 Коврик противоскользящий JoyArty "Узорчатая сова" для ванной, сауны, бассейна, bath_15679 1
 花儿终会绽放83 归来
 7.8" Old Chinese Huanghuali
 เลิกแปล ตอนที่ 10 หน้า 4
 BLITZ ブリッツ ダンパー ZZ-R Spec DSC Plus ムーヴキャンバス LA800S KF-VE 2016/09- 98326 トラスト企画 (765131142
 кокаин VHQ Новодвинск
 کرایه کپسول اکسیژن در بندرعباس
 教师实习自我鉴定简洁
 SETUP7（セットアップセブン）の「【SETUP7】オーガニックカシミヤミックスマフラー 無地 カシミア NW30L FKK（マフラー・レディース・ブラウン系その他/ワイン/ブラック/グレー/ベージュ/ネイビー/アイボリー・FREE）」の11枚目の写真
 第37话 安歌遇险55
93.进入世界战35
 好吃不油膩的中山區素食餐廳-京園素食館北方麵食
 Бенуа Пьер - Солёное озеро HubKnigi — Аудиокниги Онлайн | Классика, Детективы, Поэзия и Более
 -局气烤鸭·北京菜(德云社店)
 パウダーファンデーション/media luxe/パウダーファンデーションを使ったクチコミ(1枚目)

- Work required -
Copy out precisely those lines which run from the one containing "Бенуа Пьер - Солёное" to the end of the material.

- Completed exercise -
 Бенуа Пьер - Солёное озеро HubKnigi — Аудиокниги Онлайн | Классика, Детективы, Поэзия и Более
 -局气烤鸭·北京菜(德云社店)
 パウダーファンデーション/media luxe/パウダーファンデーションを使ったクチコミ(1枚目)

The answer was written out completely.